Every year since then, the Willi's Wine Bar collection has been enriched by a new work, made specially for it by a contemporary artist.
Before Cassandre, at the turn of the last century, leading avant-garde artists such as Seurat, Picasso and, later, Bonnard, to name but a few, found the poster to be a privileged medium for capturing and communicating the visual essence of the modern life that so captivated them.
All the great modern movements, from Cubism to Futurism or Constructivism, discovered ways of using this new medium in accordance with their very diverse artistic objectives. The poster's graphic inventions, abridged modes of composition, symbolic vocabularies, effects of printed colour and technological developments all enriched their pictorial output. And the parameters particular to a well-made poster remain of great interest to many artists today.
The work of the elect assembly who have responded to Mark Williamson's request is a case in point: witness the structured graphics of Alberto Bali, the "naïve" drawing of Octave or the stylised painterly manner of Boisrond.
As for Hanabusa, the poster he made for 1993 is a splendid, droll and sensual icon reminiscent of Man Ray's woman-violin.
In his poster for 2003, Tom Fowler offers his own take on Cassandre's pared-down geometry, while Artur Cefai's funny and tender drawing takes its inspiration from Cubism.
The collection boasts a wide range of styles, whose variety is appreciated all the more clearly because they all illustrate the same theme. All these images represent concise and joyous variations on urban pleasures.
Ann Hindry, Paris, August 2005
TG: When and why did you open Maceo?
MW: My neighbour asked me to take over his (rather sleepy) starred Michelin restaurant the Mercure Galant. As I rarely say no, I did. But one star on the street is more than enough.
TG: Are you actively involved in menu planning and purchasing and to what extent does that inform your wine purchases at both properties?
MW: I choose all the wines we sell. My other job involves annoying the chefs.
TG: Who were the winemakers who most influenced your palate?
MW: In the ‘70s the Comte Lafon, Gerrard Potel, Marcel Gugal , Auguste Clape & Gerard Chave.
TG: What’s your favourite wine?
MW: Today it is a Palo Cortado VORS from Tradiçion. Yesterday it was a Teroldaego Rotaliano 2004 from Foratodi. Tomorrow we will see, a Cornas perhaps, or possibly a delicious young burgundy. My days are never without a glass or two of white, always different & in the summer fresh light & lively.
TG: What do you drink when just kicking back at home?
MW: All of the above & more. No peace for the wicked Terrance.

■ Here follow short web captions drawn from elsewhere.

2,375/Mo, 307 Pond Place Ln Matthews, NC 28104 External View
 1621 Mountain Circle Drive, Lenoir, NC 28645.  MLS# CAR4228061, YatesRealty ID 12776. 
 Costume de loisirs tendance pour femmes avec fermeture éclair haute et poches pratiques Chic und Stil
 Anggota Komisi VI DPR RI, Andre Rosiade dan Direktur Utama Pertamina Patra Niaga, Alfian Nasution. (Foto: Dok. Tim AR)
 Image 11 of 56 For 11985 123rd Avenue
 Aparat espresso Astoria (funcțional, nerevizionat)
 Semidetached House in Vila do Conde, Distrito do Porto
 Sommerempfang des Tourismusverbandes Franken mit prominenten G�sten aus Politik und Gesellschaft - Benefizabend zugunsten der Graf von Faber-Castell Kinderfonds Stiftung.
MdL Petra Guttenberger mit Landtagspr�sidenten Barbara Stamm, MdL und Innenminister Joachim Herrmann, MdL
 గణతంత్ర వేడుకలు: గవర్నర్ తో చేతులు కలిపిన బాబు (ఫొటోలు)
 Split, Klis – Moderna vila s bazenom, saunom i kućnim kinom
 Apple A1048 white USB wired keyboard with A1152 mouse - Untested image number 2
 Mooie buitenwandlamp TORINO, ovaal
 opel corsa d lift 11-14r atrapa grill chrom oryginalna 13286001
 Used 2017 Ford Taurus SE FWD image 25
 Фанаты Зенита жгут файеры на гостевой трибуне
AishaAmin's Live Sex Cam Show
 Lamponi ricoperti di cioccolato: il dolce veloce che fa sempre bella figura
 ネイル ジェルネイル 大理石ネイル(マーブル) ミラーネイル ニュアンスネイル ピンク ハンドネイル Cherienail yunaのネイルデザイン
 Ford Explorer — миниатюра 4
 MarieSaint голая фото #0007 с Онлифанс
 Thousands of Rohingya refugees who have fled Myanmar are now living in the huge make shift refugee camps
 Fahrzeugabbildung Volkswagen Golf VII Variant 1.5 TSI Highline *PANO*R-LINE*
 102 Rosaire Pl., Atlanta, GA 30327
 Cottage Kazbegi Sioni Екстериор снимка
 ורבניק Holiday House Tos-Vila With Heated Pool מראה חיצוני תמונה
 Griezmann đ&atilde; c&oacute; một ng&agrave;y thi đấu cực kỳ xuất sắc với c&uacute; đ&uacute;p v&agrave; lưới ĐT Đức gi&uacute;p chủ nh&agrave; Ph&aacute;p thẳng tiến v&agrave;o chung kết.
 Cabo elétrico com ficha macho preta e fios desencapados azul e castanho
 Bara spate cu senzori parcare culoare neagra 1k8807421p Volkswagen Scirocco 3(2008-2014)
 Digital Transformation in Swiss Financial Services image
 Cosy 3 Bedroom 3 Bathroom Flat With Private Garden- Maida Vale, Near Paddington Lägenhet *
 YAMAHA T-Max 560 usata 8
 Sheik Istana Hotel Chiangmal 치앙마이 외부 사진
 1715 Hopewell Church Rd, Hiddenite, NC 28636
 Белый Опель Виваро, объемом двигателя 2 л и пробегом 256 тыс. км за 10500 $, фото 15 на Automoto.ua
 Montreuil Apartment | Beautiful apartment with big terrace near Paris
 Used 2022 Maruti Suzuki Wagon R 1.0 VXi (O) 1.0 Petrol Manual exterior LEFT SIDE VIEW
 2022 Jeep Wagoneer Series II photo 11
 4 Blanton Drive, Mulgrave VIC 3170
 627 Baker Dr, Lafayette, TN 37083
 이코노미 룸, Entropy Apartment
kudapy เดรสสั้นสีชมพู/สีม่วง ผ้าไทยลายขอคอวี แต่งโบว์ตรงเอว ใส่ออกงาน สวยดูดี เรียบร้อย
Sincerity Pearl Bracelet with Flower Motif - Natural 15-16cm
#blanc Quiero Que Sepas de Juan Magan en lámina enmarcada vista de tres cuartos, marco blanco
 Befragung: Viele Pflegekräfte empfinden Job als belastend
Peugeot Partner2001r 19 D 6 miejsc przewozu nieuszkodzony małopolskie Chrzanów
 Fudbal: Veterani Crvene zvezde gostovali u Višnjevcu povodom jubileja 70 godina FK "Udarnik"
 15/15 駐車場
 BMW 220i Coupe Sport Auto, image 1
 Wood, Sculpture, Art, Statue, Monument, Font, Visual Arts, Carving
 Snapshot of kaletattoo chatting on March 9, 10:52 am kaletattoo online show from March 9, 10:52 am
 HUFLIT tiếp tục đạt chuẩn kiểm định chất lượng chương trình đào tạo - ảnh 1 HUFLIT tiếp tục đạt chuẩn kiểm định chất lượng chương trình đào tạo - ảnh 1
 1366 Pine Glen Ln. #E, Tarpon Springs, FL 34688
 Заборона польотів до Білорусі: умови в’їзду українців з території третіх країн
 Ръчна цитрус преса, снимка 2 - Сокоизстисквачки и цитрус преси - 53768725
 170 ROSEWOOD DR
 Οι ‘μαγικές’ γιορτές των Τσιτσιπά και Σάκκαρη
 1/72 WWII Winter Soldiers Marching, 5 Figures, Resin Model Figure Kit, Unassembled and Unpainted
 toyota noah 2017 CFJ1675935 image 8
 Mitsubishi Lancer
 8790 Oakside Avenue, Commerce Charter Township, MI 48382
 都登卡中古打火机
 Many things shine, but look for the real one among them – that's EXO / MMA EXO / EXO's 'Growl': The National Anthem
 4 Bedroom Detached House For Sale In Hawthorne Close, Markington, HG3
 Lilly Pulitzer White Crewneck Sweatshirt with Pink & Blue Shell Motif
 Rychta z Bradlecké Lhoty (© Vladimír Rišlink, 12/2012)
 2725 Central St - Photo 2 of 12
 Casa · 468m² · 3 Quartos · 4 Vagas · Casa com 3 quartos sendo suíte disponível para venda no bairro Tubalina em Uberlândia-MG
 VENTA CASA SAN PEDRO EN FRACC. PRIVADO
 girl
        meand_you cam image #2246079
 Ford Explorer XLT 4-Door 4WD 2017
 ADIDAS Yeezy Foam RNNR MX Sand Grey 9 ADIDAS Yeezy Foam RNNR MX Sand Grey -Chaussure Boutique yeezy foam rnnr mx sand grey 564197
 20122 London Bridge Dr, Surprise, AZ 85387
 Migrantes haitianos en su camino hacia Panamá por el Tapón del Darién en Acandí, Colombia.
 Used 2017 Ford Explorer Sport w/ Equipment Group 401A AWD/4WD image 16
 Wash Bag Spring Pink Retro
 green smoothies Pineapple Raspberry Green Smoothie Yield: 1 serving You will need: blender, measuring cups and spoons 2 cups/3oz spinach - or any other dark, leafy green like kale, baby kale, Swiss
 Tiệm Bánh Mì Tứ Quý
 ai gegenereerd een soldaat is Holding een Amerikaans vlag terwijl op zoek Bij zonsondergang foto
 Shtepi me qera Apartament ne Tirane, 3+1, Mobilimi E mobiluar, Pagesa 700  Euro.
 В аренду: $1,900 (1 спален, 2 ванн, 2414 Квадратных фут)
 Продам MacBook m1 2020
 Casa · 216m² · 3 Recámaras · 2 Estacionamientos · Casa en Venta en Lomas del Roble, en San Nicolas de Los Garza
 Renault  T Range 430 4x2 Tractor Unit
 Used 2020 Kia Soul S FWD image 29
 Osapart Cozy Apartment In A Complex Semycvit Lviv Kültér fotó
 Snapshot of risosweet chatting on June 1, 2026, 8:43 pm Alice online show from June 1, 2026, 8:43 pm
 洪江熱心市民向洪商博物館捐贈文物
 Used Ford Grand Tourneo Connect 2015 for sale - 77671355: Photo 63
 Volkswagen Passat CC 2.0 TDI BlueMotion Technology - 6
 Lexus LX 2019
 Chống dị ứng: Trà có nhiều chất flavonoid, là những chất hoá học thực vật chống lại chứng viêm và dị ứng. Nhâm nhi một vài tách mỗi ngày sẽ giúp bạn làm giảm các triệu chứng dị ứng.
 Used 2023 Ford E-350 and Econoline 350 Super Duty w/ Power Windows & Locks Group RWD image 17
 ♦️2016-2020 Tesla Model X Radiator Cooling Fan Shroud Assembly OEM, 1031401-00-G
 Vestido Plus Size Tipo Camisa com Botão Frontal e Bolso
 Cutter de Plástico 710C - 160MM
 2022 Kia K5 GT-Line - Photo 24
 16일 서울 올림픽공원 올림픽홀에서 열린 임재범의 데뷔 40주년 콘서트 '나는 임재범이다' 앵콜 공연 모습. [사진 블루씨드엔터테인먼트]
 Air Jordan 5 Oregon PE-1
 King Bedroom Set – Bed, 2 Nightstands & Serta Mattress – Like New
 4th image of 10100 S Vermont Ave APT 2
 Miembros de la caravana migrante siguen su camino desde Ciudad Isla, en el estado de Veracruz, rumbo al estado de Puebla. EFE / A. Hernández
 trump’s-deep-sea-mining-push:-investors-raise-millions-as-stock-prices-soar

TG: We recently drank your California Pinot Noir, Evening Land. Talk about that project and your aspirations for it?
MW: Core Purpose -To produce distinctive, luxury, estate-grown Pinot Noir from the Gardens of the Evening Lands. Core Values -Noble, sustainable and proprietary.
TG: How has Paris affected you professionally?
MW: You have to be seriously fucked up to put up with all this crap for 30 years. Guess what? I am.
TG: How has Paris affected your life?
MW: Measurably. The city is a beautiful place, but one gets used to that. I appreciate the openness of the people & their willingness to mix, try different things…like social reforms. I love the accessibility of the markets & the bistrots, the transport system & the art. There are some great gardens too, starting with the Palais Royal. For a good many years I have considered Paris my home. This allows me to mistreat it.
TG: And finally, how did Willi’s get its name? Williamson. But Colette, as things turned out, lived opposite on the Gardens & her first perverted lover was called Mr. Willi. Yes, I believe he made her suck it. But then Colette evolved to better men, to truffles & to chocolate. You cannot keep a good woman down.
Mark is a hands-on operator and can generally be found bouncing from one property to the other. Mention my name and he’ll no doubt give you a dose of his offbeat sense of humour while tending to your oenephilic needs.